Oradan kürtaja uzanır elleri, “kürtaj ve sezaryen” cinayettir der, kadının kendi bedeniyle ilgili bu kararı ve hakkını gaspa girişirler. “Tecavüze uğradıysa neden çocuk ölsün, kendi ölsün” diyerek tecavüzü daha da olağan gösterirken, kadını intihara sürükler. İş hayatında da farklı bir baskı ve şiddet türüyle karşı karşıyadır kadın, burada da cinsel tacize maruz kalır, üstelik “kadın istihdam paketi” vb. yeni yaptırımlarla daha da güvencesiz ve esnek çalışmaya zorlanır, her defasında biraz daha eve itilir kadın, özellikle de “doğum” bahanesiyle… Tüm bunların etkisiyle, kadınlık ve toplumsal rollerin üzerinden işleyen baskı giderek güçlenir ve derinleşir. Tüm bu baskı, nefret ve şiddet atmosferinin ortasında, aileyi kutsayan devlet tarafından, kadın ev, aile ve annelikle tanımlanır. Nasıl davranması, nasıl düşünmesi, hatta neye benzemesi gerektiği de böyle belirlenir. Trans ve gay bireyler de, heteroseksist devlet ve erkek elinden ekonomik, fiziksel ve cinsel şiddete maruz kalırlar.
Sadece bu kadar da değil, eve kapanmayı, susmayı, kendimizde hata aramayı ve korkmayı reddedip kendi bedenine, kararına ve benliğine yöneltilen tüm bu dayatmalara, sonu gelmeyen tacizlere, tecavüz ve ölüm tehlikesine karşı mücadele ettiğimizde, yaşantımızı, içine itildiğimiz vahşeti politik düzleme taşıyıp burada bir çıkış yolu aradığımızda da şiddetin başka türleriyle karşılaştık. 8 Mart’lar, Gezi eylemleri, kadınlar olarak katıldığımız her bir ayrı eylem sonundaki polis şiddeti, cinsiyetçi küfürler, aşağılamalar, tacizler, eyleme giden kadına yapılan yakıştırmalar bunun birer kanıtı.
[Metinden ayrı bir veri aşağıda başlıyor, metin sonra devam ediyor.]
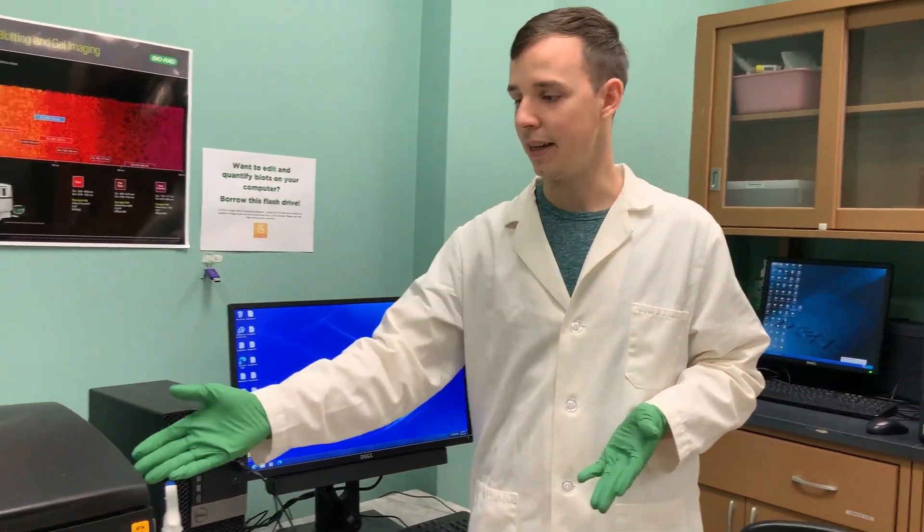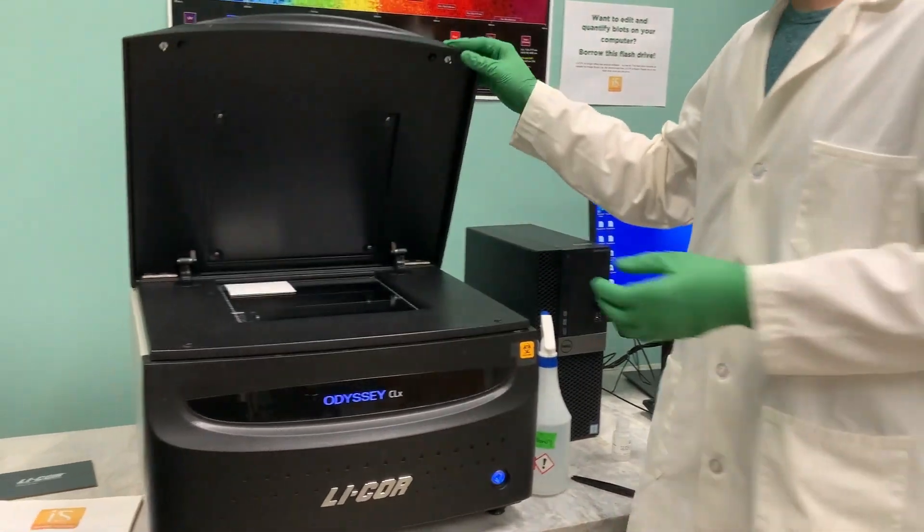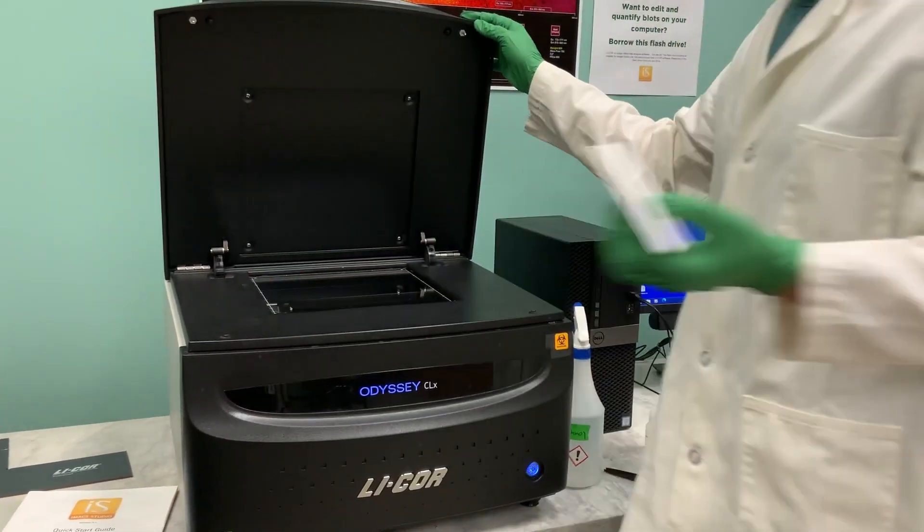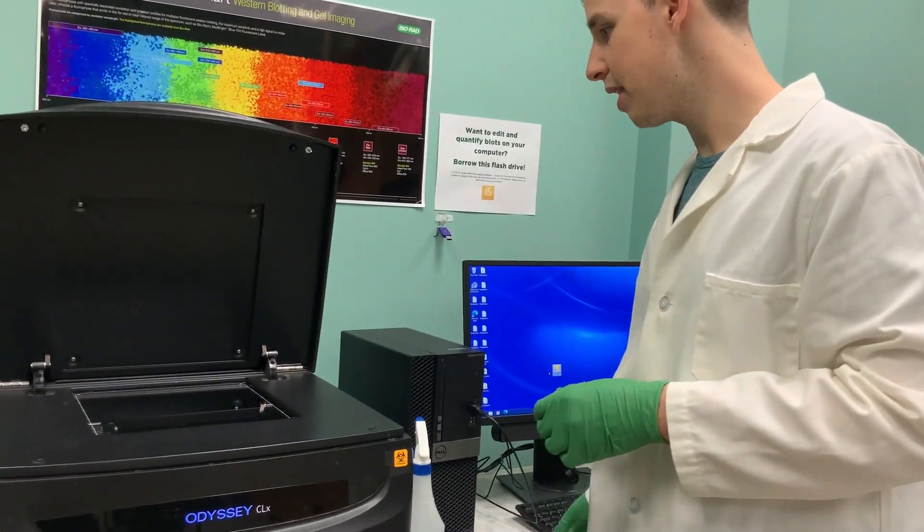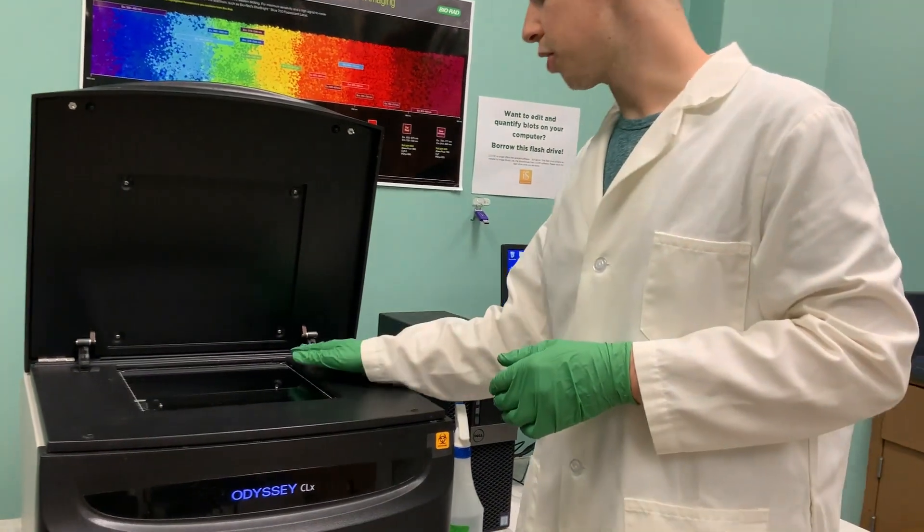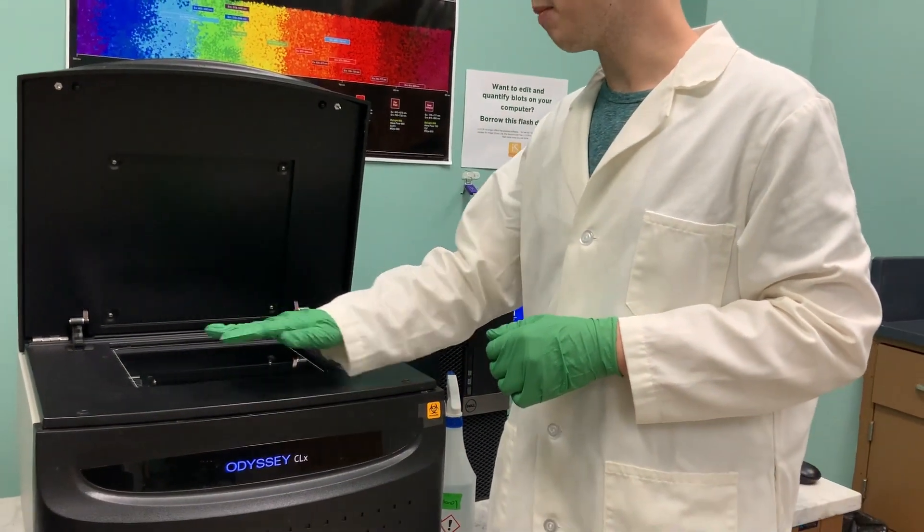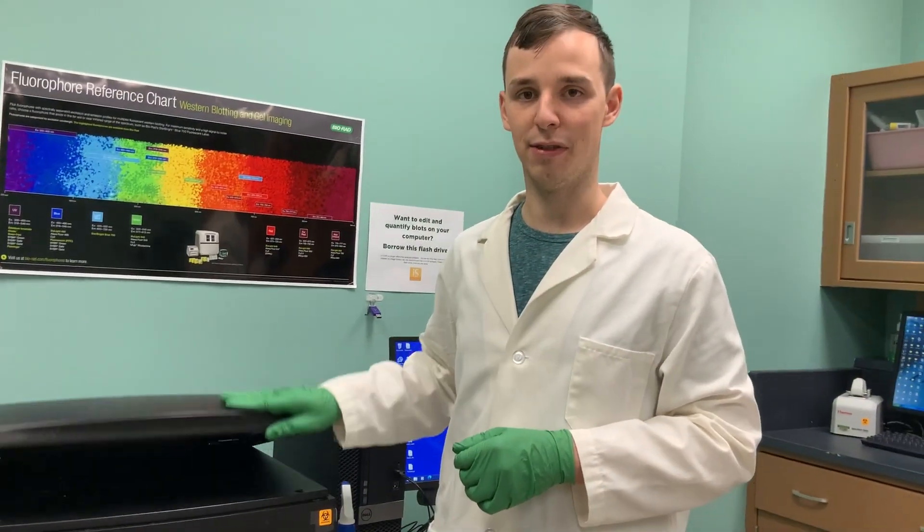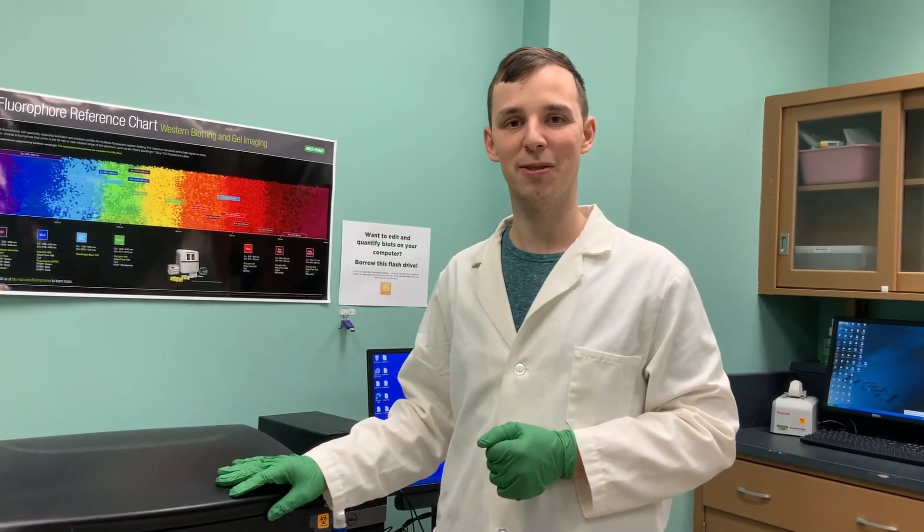Remember to take your membrane out of the machine. Don't pick it up with your hands like I just did. If there's gunk left on here, take a kim wipe and ethanol and clean off the surface. Let us know if you have any questions.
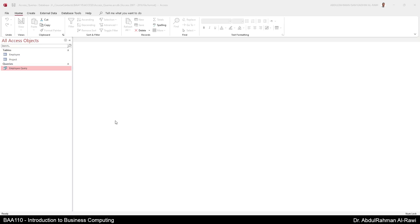Bismillah ar-Rahman ar-Rahim. In this session we are going to demonstrate how to create forms in Microsoft Access. We already demonstrated in previous sessions how to create tables, queries and how to create relationships.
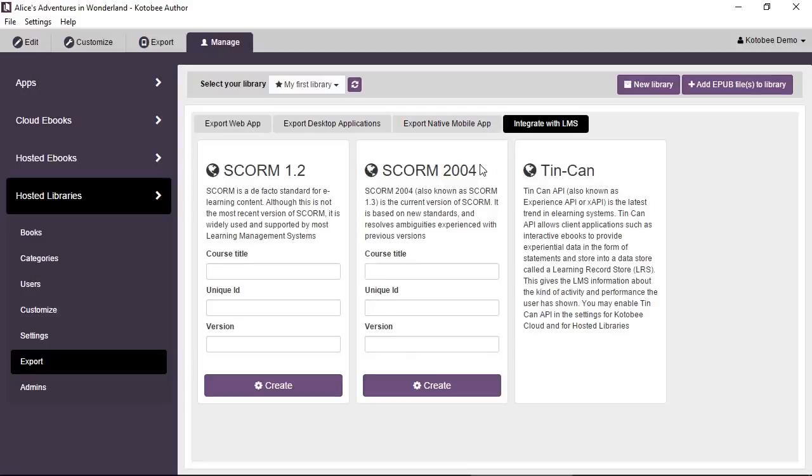Of course, there are many SCORM-compliant LMSs. You just enter the course title, the ID, and the version, and click on Create. This will give you a SCORM component that you can add into your LMS.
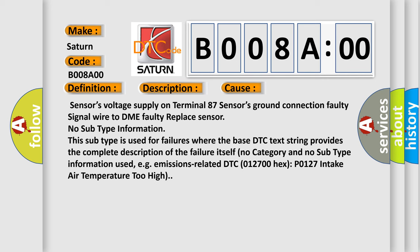Sensor's voltage supply on terminal 87, sensor's ground connection faulty, signal wire to DME faulty, replace sensor.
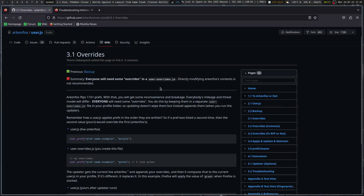Continuing on with overrides for ArkenFox. For the most part, what we're going over is what ArkenFox applies, and then their guide on how to set things up to tailor it to you. There are a lot of browsers out there, and even FireDragon and Librewolf have things you're going to want to override. ArkenFox shows you how to apply those, so you could apply it to those web browsers as well.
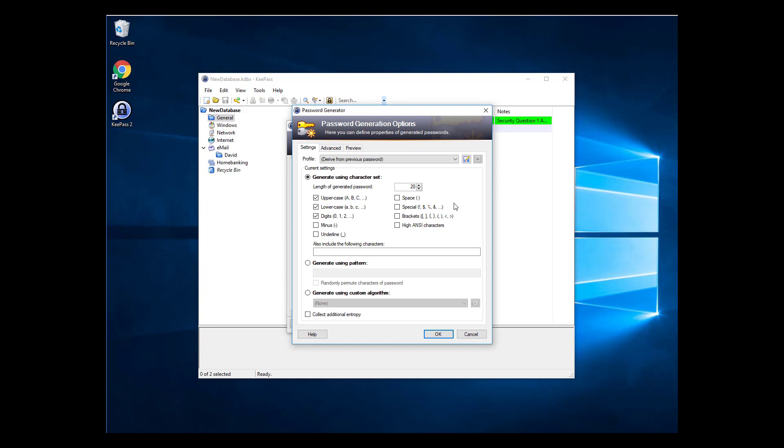From the Settings page, select the options you wish to include in your template. Let's set uppercase, lowercase, digits, and underlines, and then set the length to 28 characters.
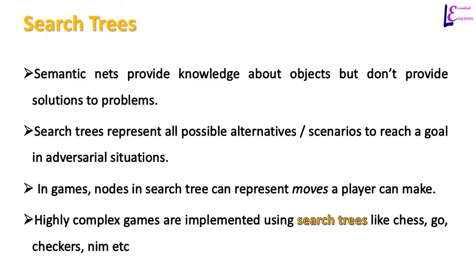With the help of knowledge of skills, we can solve problems as well. Semantic networks simply provide necessary information and knowledge about objects. But there is no way to predict future outcome or provide solution to problem in certain situations. In this regard, search trees are better knowledge representation techniques.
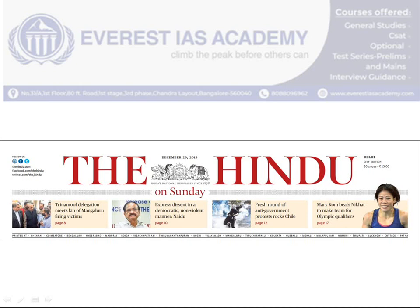Hello friends, welcome to the official page of Everest IS Academy. Today we are going to discuss the December 29th Hindu newspaper analysis from the UPSI Prelims 2020 point of view. So let's go into the video.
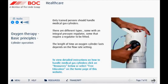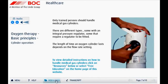Medical gas cylinders should only be handled and operated by those trained to do so. Cylinders come in a variety of different forms — some with integral pressure regulators, and others that need a separate regulator to be fitted.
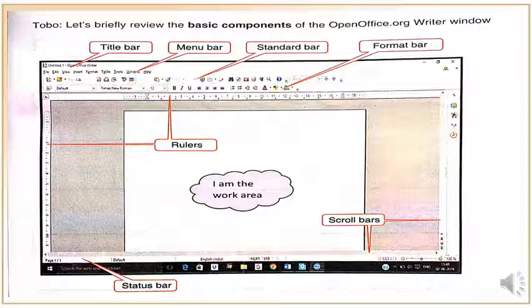Let's see. The first one is the title bar. This is known as the title bar, which shows the name of our file. Next is the menu bar. In this menu we have File, Edit, View, Insert, and Format. These are the menus, so this is the menu bar.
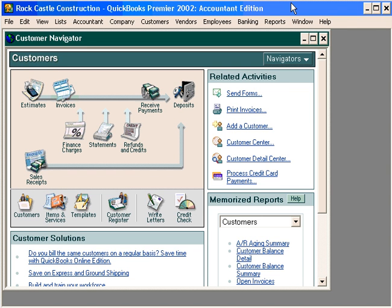Let's prepare an invoice within our QuickBooks software. Within QuickBooks, there are three ways to prepare an invoice. The first, which we're going to talk about here, is to prepare an invoice from an estimate. The second is to prepare an invoice from billable time that has been entered into QuickBooks. And the third is to prepare an invoice from scratch.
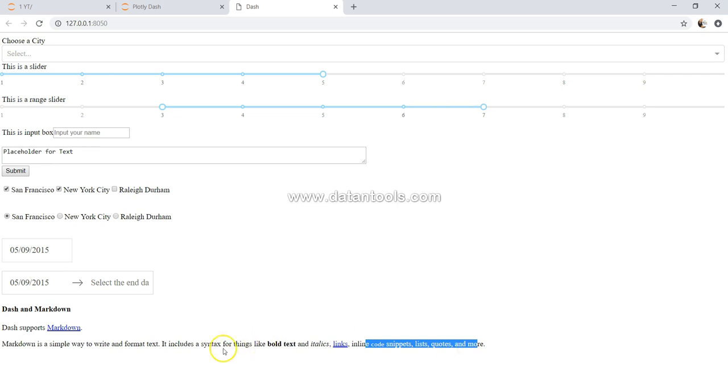So that's about how you can use the markdown within Dash. Just to show you also that Dash supports markdown if you already have got experience in using markdown in your previous projects.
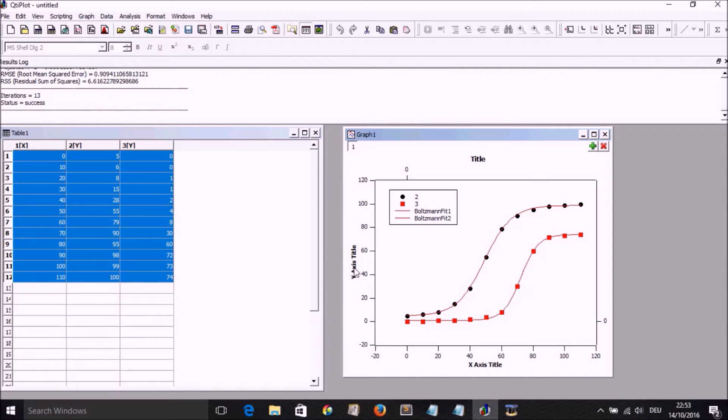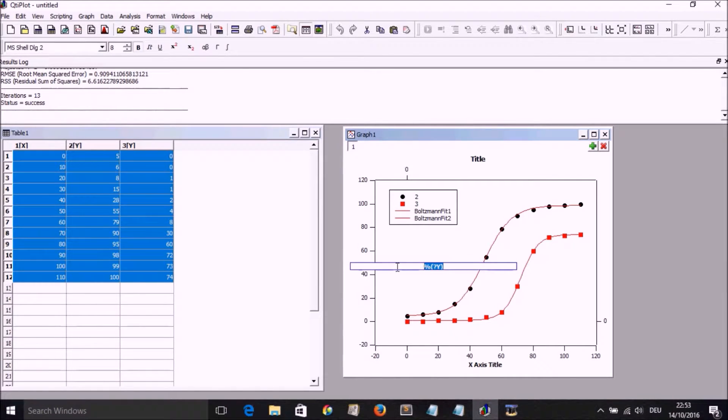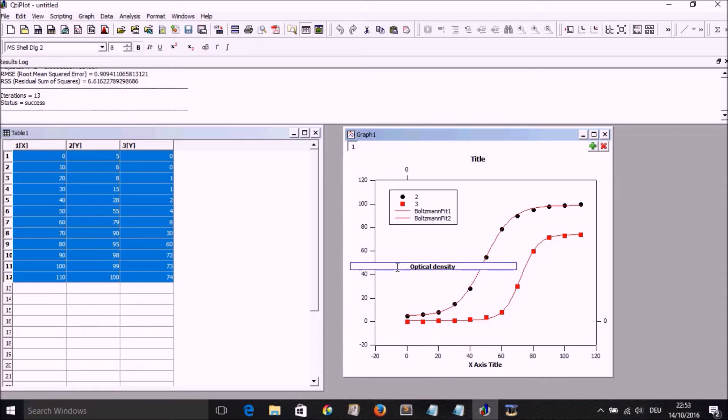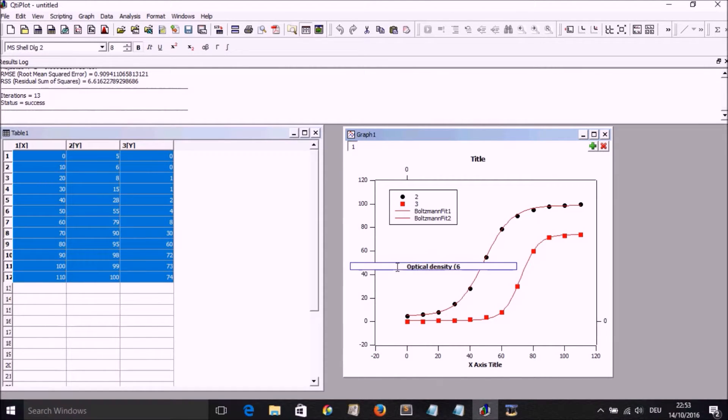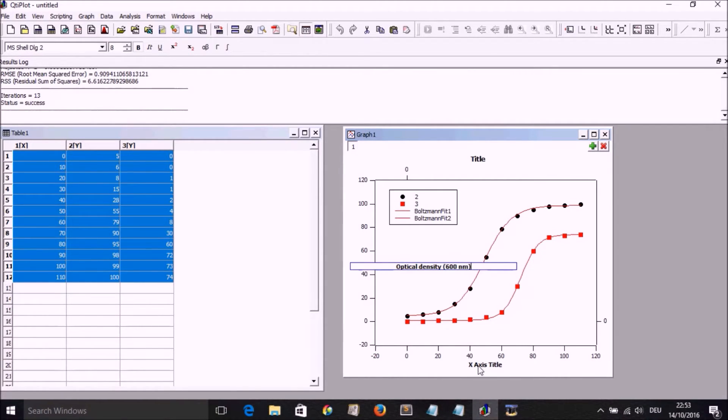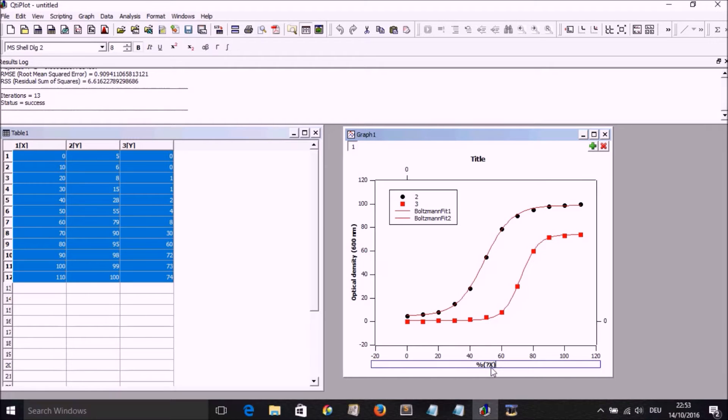And we can double click on the Y axis and write in whatever we want to write there. So imagine optical density and percentage. Let's say it's a percentage of a certain maximum. We write that.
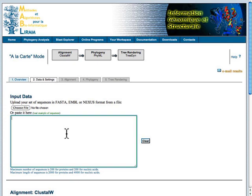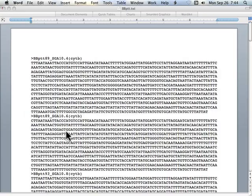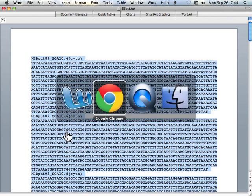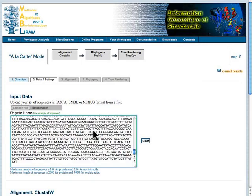We need some data. So, I've got a collection of sequence data here. I'm copying it, and I'm going to paste it into this box. Alternatively, you could add the data by choosing a file.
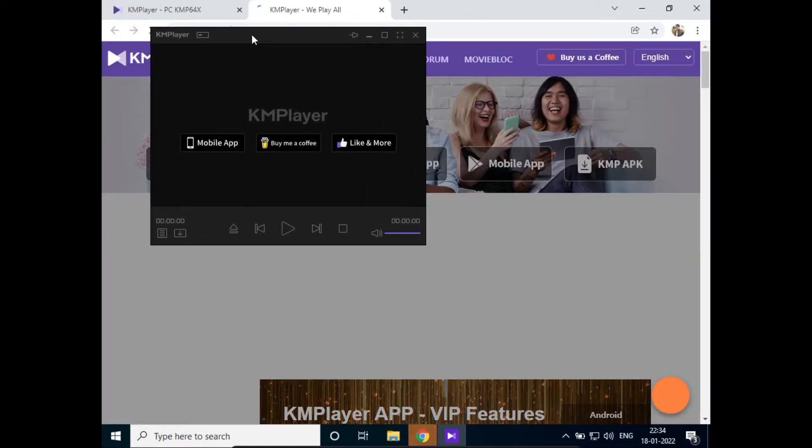So this was all on how to install KMP Player. Hope you like the video, please do like and subscribe. Thank you.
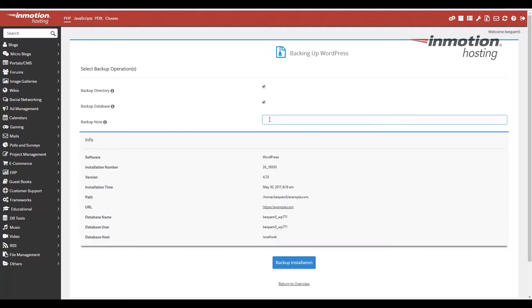You could put a note here if you want. And a lot of times, I'll just say what date I'm doing the backup. Or I could say it's an incremental backup before I did an upgrade or something like that, just to remind yourself later what the backup was for. I'm just going to put this as a test.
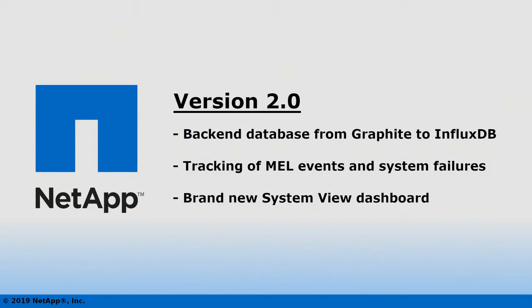Tracking of MEL events and system failures, allowing you to keep track of the state of your storage systems in addition to the raw performance metrics.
Özgecan; ne ilk, ne son ne de farklı!
Geçtiğimiz haftalarda bindiği dolmuşun şoförü tarafından cinsel ilişkiye zorlandı, işkence gördü ve öldürüldü. Kadın olduğu için öldürülen kadınlardan, tanıdığı ve tanımadığı bir erkek tarafından tacize ve tecavüze uğrama riskiyle her an karşı karşıya kalabilen tüm kadınlardan biri Özgecan. Kamuoyunda yarattığı alışık olmadığımız etki ise yalnızca Özgecan’ı “kadın” olarak görülmemesi, aynı şiddetten mustarip diğer kadınlardan (böylelikle) ayrılması dolayısıyla maruz kaldığı şiddetin de farklılaştırılması sonucu ortaya çıktı… Ne elbisesine, ne işine ne yanındaki erkeğe laf edemediklerinden, Özgecan “saf bir genç kız” olarak görüldü, öyle tanıtıldı… “Ahlaklı bir genç kız” ölmüştü. Özgecan hakkındaki tüm söylemleriyle, insanlara, ancak ona üzülmeleri gerektiğini öğrettiler. Ne istediği kıyafetle dolaşamayan benimsenip korunmuştu, ne patronu tarafından, polis tarafından, asker tarafında tacize tecavüze uğrayanlar, ne kocası-sevgilisi tarafından katledilenler, ne intihar etmeye “zorlananlar”… “Fıtratında olan şiddete kaçınılmaz olarak maruz kaldığında, Özgecan gibi olursan sana acırlar” mesajı verildi kısaca.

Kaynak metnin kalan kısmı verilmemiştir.